On top of this, the threshold for many diseases, such as diabetes, hypertension and hyperlipidaemia, have continually shifted downward, becoming ever more inclusive.
All of this has led to what the authors of this book call an “epidemic of diagnosis”. Today, people don’t just have diseases, they have pre-diseases: pre-diabetes, pre-hypertension, pre-obesity. In the face of pre-disease, otherwise healthy people seek treatment for potential ailments that show no symptoms, and maybe never will.
We are all becoming the worried well, spurred on by doctors, patient advocacy groups, pharmaceutical companies and the media. “Is informing the well about their risks for disease really the road map to a healthy society?” the authors wonder. “Is it healthy for the young to focus on their likely causes of death years before it occurs?”
The book makes it clear that if a person has symptoms, they should get a diagnosis from their doctor. And, certainly, it recognises the benefit in diagnosing the silent conditions that often show no symptoms, such as hypertension.
But it argues against the constant changes to disease thresholds, which define more and more people as patients in need of medication or treatment. When, in 1997, the definition of diabetes changed from a fasting blood sugar level of 140 milligrams per decilitre to 126 mg/dl, 1.6 million Americans became diabetic at the stroke of a pen. Being classified as ill creates anxiety, and being treated with drugs, operations or other therapies can create unnecessary risk.
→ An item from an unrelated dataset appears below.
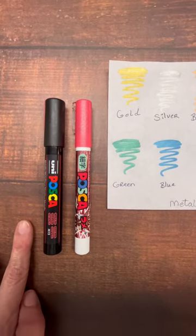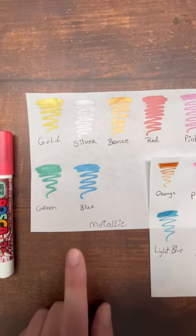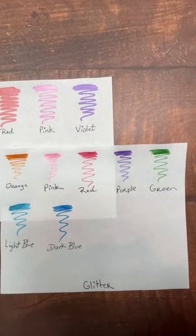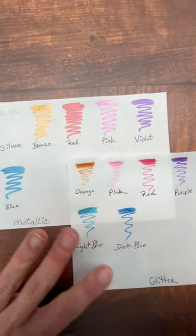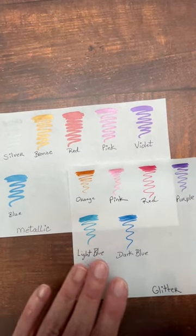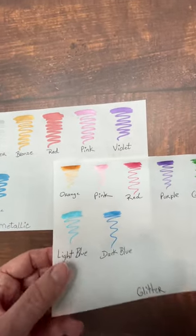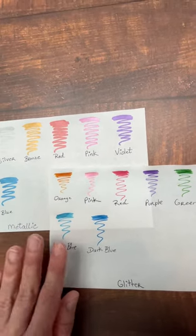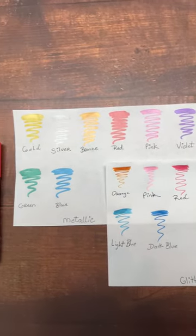The Posca paint markers that I love so much come in metallic and glitter and I want to show you guys what that looks like. This is the metallic and this is the glitter. The colors are exactly the same. They both have metallic sheens to them, but the glitter has just a little bit of micro fine glitter in it. If I pick it up, hopefully you guys will see a little bit of that reflection — it's very subtle, not much, very very tiny glitter, but it's beautiful.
H. Gilbert Welch, the lead author, is no cheap contrarian, though. As a primary care physician in Vermont, he has seen the ill effects that come with treating patients too early, and he is brave enough to provide some of his own case studies as cautionary tales. Is this the beginning of a movement to change the entrenched view in medicine that no diagnosis can come too early? Probably not, but it is a courageous and carefully crafted argument from a deeply humane physician.